The Ministry of Education is fully aware of this deep-seated problem and has launched a number of campaigns to confront it. Private efforts like "On the Wings of Words" are impressive. These all deserve our unstinted and enthusiastic support. In the end it will come down to making every family, every individual, as concerned as if a deadly sickness was involved and must be treated. In every home, in every school, in every church and temple and mosque we must do what we can to give the great gift of simple literacy to all our children. There is nothing more fruitful that we can give. Without that seed the individual soul lies barren.

Teaching the child to read is where everything begins. The ability to read and the love of books lies at heart of the matter. Inoculate a child with the reading skill and he or she will not easily be afflicted by the sickness of the world.

In a review of Patrick Chamoiseau's extraordinary and searing novel Texaco, Derek Walcott wrote:

"I would press your book into the hands of every West Indian as if it were a lost heirloom, even on those who cannot read. After that formality, I would run through the markets with vendors in the shade of huge umbrellas, past abandoned fountains, stopping traffic with an uplifted hand, entering dark retail stores selling fading ledgers and disintegrating chalks, preaching, 'You have to read this book, it is yours! It has come to reclaim you!'"

It is that feeling of desperate urgency which we must all cultivate about the need to press books into the hands and heads of Guyanese children, books of every sort from first primers through school texts to the works of our greatest writers - saying "You have to read this book, it is yours! It has come to reclaim you!"

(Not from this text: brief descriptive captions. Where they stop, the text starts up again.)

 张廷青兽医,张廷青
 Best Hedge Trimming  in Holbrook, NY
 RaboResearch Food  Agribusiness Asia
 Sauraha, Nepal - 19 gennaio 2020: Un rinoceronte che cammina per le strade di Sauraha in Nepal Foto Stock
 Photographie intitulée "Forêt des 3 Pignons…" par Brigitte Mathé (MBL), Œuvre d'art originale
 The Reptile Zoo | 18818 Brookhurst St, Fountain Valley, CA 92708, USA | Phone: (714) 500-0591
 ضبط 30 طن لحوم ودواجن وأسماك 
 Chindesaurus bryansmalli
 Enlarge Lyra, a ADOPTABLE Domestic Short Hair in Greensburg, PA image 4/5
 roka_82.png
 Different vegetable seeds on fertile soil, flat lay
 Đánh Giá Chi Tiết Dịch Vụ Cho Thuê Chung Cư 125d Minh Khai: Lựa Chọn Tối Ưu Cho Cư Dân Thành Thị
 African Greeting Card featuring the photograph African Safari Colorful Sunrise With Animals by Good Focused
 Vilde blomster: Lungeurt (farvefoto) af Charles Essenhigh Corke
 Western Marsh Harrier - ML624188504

In the Jamaican poet Lorna Goodison's wonderful poem My Will in which she describes the legacy she would want to leave her son, there are many beautiful lines, none more beautiful than the following in which she links a love of reading to the most fundamental of human needs.

eat each day's salt and bread

with praise,

and may you never know hunger.

And books

I mean the love of them.

Yes, that is true. May none of our children go hungry - for food or for books, the love of them.

Editor's note

We apologize for not naming the author of the poem Scenario In An Alternative Universe quoted in last week's column. The author was Paul Groves.